KUALA LUMPUR: Bank Negara Malaysia governor Tan Sri Dr Zeti Akhtar Aziz has urged politicians to look beyond the near term in managing Malaysia’s economy and its financial systems.
She said the assessment of national risk requires pre-emptive measures, which is the “only way” to manage an economy and the financial system.
“We have to highlight very frequently to the politicians to look beyond the immediate term. If you are reacting rather than pre-empting, then you are too late already,” she told corporate and industry leaders at Invest Malaysia Kuala Lumpur 2015 yesterday.
“What is key for us is sustainability. You have to look beyond the immediate term,” she said.
Zeti noted that Malaysia is in place to improve its fiscal position, which she admitted is the “one area of vulnerability” that needs to be addressed.
She said the country has already undertaken significant reforms to improve its fiscal deficit, such as the fuel subsidy rationalisation and the implementation of the goods and services tax (GST) early this month.

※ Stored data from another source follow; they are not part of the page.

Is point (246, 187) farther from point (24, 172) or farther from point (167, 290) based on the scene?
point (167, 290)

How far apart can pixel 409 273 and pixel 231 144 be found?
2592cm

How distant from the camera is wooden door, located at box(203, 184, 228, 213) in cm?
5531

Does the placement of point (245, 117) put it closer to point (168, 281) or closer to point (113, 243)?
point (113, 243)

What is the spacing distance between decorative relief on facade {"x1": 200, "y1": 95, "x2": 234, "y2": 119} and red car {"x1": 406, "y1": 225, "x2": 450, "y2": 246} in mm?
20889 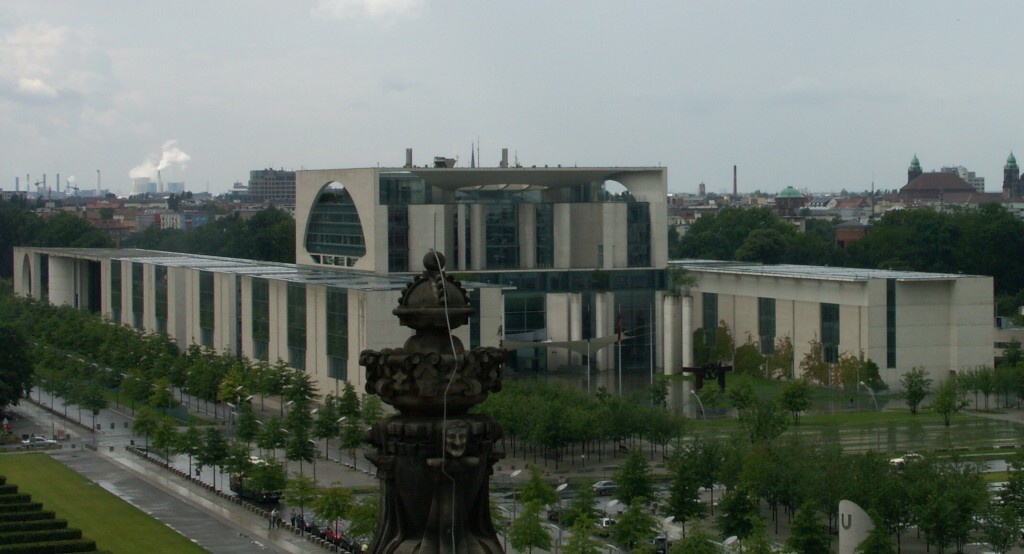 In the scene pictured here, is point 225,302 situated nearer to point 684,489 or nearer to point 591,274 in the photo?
point 591,274

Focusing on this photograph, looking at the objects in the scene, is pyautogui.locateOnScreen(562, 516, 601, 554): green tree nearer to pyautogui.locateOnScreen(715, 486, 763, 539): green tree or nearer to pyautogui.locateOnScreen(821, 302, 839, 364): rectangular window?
pyautogui.locateOnScreen(715, 486, 763, 539): green tree

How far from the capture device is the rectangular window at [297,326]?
66438mm

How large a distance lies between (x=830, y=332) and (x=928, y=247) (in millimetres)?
47217

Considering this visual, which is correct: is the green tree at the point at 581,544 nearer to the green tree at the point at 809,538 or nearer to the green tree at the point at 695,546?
the green tree at the point at 695,546

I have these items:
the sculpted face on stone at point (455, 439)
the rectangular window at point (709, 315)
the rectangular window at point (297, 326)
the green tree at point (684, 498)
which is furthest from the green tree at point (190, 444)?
the sculpted face on stone at point (455, 439)

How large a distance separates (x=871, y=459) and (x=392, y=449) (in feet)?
112

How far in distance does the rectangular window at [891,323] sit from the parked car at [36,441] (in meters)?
32.8

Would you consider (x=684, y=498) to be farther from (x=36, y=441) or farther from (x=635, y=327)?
(x=635, y=327)

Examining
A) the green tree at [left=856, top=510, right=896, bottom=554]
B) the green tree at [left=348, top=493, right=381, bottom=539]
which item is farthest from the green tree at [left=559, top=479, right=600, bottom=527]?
the green tree at [left=856, top=510, right=896, bottom=554]

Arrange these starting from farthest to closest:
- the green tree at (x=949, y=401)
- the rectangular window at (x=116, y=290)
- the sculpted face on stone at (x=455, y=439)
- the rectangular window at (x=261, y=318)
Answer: the rectangular window at (x=116, y=290) → the rectangular window at (x=261, y=318) → the green tree at (x=949, y=401) → the sculpted face on stone at (x=455, y=439)

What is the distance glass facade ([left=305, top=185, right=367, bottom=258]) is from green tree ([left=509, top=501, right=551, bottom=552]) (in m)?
39.7

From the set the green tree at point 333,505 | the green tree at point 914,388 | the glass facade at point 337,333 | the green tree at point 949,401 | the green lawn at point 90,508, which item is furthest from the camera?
the glass facade at point 337,333

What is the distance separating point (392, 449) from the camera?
8070mm

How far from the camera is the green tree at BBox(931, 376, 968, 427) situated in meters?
57.2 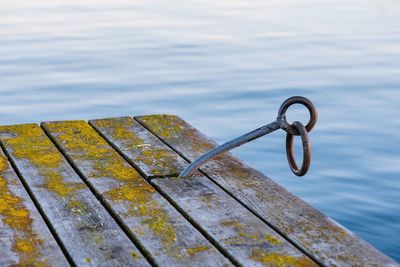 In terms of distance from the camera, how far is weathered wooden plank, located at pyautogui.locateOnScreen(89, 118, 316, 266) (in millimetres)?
2490

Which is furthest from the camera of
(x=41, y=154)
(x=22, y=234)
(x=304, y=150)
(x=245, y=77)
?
(x=245, y=77)

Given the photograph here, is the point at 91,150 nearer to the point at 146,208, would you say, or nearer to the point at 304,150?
the point at 146,208

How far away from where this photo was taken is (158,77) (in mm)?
8734

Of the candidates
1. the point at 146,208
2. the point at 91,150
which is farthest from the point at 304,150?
the point at 91,150

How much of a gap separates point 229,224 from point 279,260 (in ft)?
0.98

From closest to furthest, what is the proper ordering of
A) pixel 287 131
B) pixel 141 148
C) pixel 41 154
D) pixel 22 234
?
pixel 22 234 < pixel 287 131 < pixel 41 154 < pixel 141 148

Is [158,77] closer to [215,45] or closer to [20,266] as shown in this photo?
[215,45]

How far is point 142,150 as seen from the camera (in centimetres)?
352

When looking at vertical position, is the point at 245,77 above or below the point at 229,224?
below

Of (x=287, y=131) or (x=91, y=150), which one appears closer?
(x=287, y=131)

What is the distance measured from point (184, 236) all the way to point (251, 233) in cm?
19

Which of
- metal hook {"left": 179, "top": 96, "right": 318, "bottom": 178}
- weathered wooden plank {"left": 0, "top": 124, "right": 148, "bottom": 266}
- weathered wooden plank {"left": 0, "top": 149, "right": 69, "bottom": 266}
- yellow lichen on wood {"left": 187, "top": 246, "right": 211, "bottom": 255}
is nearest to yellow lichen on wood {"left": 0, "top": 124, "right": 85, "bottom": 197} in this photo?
weathered wooden plank {"left": 0, "top": 124, "right": 148, "bottom": 266}

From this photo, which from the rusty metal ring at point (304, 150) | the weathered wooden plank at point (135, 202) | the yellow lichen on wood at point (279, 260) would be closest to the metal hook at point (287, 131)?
the rusty metal ring at point (304, 150)

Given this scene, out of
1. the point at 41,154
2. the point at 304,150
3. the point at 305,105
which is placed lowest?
the point at 41,154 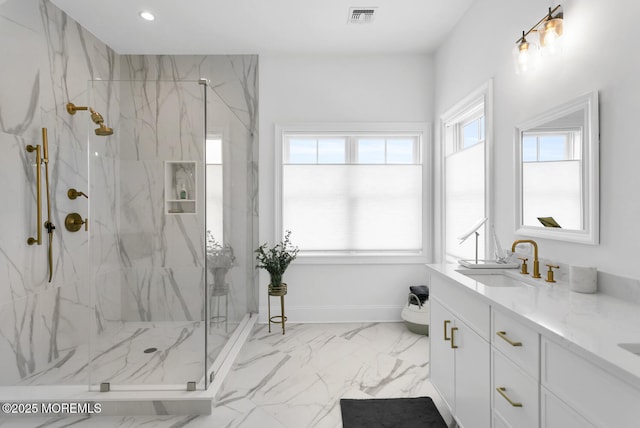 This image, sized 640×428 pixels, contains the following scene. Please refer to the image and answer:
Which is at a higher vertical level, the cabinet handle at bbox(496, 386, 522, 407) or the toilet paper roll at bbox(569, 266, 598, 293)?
the toilet paper roll at bbox(569, 266, 598, 293)

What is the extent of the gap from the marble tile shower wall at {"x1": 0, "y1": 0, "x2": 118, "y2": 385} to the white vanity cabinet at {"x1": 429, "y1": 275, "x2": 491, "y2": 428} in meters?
2.22

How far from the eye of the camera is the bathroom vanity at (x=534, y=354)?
0.84 m

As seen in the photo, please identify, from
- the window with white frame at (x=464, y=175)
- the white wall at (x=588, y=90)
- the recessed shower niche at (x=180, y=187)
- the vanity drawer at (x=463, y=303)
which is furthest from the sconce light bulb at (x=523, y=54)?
the recessed shower niche at (x=180, y=187)

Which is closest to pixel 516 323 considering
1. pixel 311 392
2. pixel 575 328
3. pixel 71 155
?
pixel 575 328

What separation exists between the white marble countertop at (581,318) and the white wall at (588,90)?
0.20 m

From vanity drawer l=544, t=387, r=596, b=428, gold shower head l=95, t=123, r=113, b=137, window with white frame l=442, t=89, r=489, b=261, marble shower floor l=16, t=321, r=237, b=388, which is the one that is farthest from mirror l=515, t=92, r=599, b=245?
gold shower head l=95, t=123, r=113, b=137

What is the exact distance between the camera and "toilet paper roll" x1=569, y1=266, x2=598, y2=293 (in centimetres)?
146

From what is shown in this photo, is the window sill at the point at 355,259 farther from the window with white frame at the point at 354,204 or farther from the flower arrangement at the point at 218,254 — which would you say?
the flower arrangement at the point at 218,254

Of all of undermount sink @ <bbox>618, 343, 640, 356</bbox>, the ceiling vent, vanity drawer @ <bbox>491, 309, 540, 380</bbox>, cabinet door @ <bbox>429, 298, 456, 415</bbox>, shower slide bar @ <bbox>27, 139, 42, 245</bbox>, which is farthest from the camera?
the ceiling vent

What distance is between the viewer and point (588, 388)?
886 mm

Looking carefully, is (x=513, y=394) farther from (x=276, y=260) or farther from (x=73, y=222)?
(x=73, y=222)

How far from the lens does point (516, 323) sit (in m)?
1.22

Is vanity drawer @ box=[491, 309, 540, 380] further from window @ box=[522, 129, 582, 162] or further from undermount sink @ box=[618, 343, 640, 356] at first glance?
window @ box=[522, 129, 582, 162]

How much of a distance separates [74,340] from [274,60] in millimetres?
3063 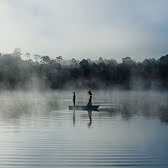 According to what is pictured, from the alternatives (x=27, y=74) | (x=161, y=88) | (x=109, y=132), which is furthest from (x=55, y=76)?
(x=109, y=132)

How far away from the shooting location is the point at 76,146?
51.2 feet

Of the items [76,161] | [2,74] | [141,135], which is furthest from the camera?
[2,74]

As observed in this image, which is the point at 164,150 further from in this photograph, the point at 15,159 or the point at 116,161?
the point at 15,159

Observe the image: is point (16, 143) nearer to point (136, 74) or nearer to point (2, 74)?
point (2, 74)

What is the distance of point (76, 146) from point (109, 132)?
14.4 ft

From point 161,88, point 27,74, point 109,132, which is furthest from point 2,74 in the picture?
point 109,132

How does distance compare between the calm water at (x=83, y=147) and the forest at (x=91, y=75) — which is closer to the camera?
the calm water at (x=83, y=147)

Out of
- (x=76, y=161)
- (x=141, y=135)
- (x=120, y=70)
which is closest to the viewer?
(x=76, y=161)

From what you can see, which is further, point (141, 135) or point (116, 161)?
point (141, 135)

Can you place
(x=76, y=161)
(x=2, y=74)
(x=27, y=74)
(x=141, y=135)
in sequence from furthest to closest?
(x=27, y=74)
(x=2, y=74)
(x=141, y=135)
(x=76, y=161)

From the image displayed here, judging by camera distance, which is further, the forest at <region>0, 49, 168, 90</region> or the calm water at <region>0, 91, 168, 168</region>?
the forest at <region>0, 49, 168, 90</region>

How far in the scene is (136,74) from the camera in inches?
5595

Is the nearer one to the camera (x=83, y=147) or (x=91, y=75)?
(x=83, y=147)

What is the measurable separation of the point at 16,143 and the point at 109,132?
502 cm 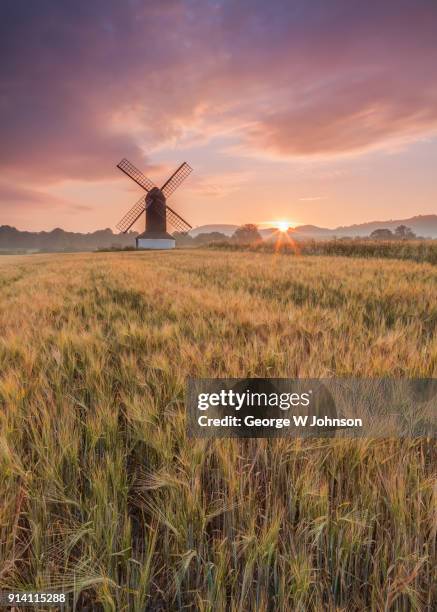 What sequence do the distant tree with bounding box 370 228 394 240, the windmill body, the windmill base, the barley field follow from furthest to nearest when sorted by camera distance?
the windmill base, the windmill body, the distant tree with bounding box 370 228 394 240, the barley field

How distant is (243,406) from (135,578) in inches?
31.2

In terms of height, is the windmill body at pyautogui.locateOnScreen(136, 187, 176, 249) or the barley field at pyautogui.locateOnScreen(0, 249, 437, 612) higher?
the windmill body at pyautogui.locateOnScreen(136, 187, 176, 249)

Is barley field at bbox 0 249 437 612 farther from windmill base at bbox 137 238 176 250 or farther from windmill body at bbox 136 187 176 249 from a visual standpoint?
windmill base at bbox 137 238 176 250

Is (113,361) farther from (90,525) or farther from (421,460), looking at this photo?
(421,460)

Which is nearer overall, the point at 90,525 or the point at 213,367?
the point at 90,525

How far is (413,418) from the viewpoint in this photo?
1.42 metres

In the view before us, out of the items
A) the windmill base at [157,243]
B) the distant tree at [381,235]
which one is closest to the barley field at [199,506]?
the distant tree at [381,235]

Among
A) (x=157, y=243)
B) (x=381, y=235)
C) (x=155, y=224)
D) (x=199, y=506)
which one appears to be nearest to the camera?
(x=199, y=506)

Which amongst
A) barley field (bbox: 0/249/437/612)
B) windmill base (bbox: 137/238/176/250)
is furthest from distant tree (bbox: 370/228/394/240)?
windmill base (bbox: 137/238/176/250)

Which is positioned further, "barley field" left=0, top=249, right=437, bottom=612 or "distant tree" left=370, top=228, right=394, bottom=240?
"distant tree" left=370, top=228, right=394, bottom=240

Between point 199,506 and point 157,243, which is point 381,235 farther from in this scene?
point 199,506

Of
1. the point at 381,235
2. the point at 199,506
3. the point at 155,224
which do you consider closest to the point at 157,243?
the point at 155,224

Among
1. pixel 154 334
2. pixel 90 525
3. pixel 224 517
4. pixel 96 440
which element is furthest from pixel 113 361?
pixel 224 517

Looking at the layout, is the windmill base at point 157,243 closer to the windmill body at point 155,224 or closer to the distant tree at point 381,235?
the windmill body at point 155,224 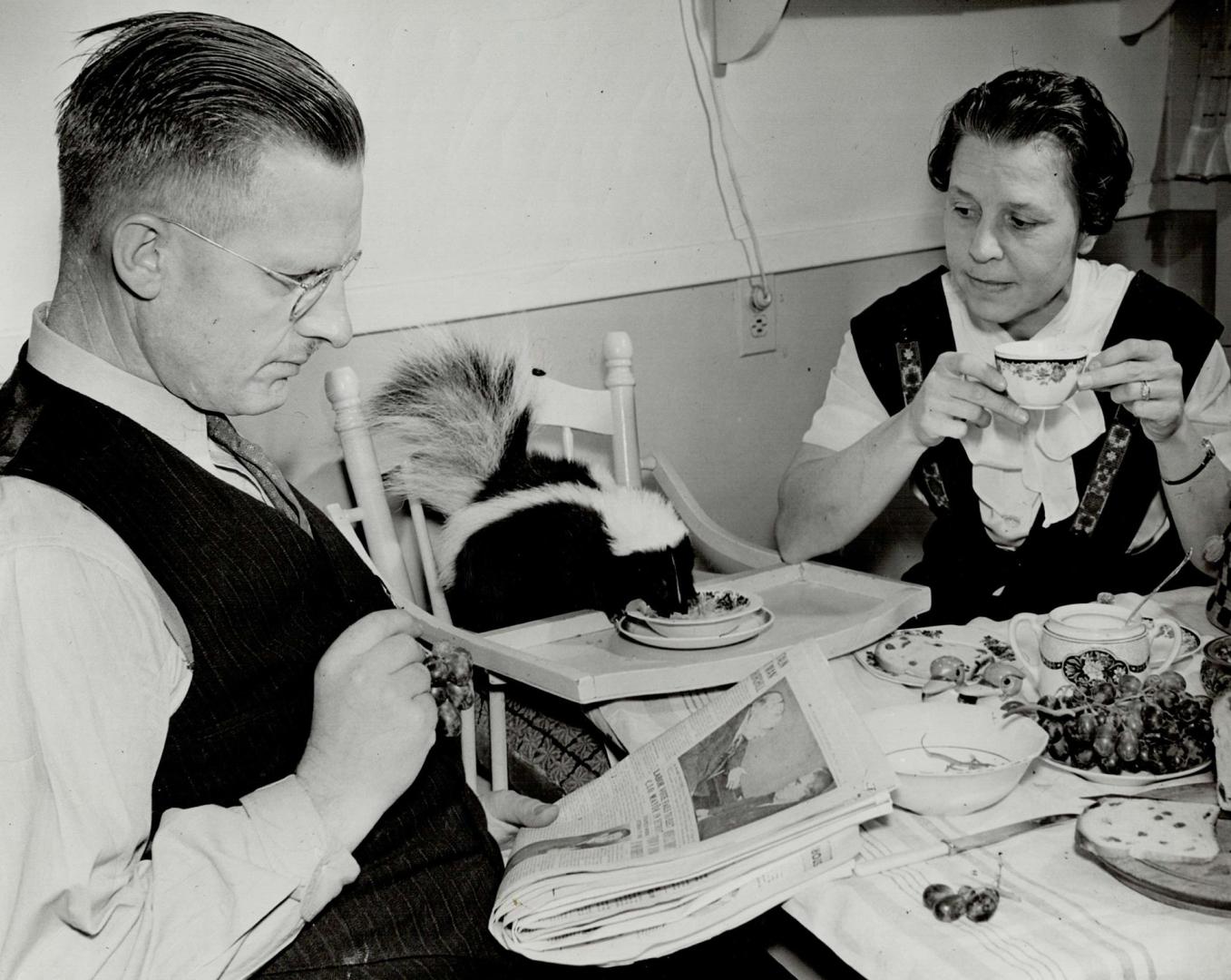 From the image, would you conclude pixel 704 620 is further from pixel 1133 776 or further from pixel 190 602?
pixel 190 602

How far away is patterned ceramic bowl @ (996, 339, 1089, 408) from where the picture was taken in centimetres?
144

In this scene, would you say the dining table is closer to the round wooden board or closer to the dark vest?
the round wooden board

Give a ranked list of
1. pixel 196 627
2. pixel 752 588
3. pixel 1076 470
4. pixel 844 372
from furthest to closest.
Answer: pixel 844 372 → pixel 1076 470 → pixel 752 588 → pixel 196 627

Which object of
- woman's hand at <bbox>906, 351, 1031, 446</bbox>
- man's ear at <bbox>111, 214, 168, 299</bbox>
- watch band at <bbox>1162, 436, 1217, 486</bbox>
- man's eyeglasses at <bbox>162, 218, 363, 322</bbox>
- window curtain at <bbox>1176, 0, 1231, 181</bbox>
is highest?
window curtain at <bbox>1176, 0, 1231, 181</bbox>

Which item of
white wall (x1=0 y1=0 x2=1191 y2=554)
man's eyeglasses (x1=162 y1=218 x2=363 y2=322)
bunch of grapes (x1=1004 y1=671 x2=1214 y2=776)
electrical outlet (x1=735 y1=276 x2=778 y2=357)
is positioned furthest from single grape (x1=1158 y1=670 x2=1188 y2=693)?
electrical outlet (x1=735 y1=276 x2=778 y2=357)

She pointed out that the subsidy rationalisation has already generated significant savings of more than RM20 billion in gross amount.
Similarly, she said the introduction of the GST will also generate a significant increase in revenue for the country’s coffers.
Meanwhile, Zeti told reporters on the sidelines of the event that Malaysia’s growth prospects are bright despite its credit ratings remaining under pressure from a cut by Fitch Ratings.
The international rating agency had last month reiterated that Malaysia’s credit rating was more than 50% likely to be downgraded due to the country’s trade balance and debt obligations of a state-owned investment entity.
“If you compare with our peers, we are at least as good, if not better, in terms of our growth prospects or growth performance,” she said.
Zeti said for the last several years, Malaysia has shown a resilient, solid financial system and a highly developed bond market.
She added that Malaysia’s fiscal position has exhibited a reduction in deficit and its external indebtedness is relatively low compared with some of its peers in the same rating category or above.
Minister in the Prime Minister’s Department Datuk Seri Abdul Wahid Omar said the country’s financial health as rated by Fitch is up to investors’ perception, noting that Moody’s and Standard & Poor’s have a positive and a neutral outlook respectively for Malaysia.
Abdul Wahid also said the government is continuing its efforts to reduce the country’s dependency on oil revenue.
He is hoping that oil dependency will be reduced to below last year’s contribution of about 30% to national income. “We have been consistently diversifying the economy to reduce dependency on the oil and gas sector.”
This article first appeared in The Edge Financial Daily, on April 24, 2015.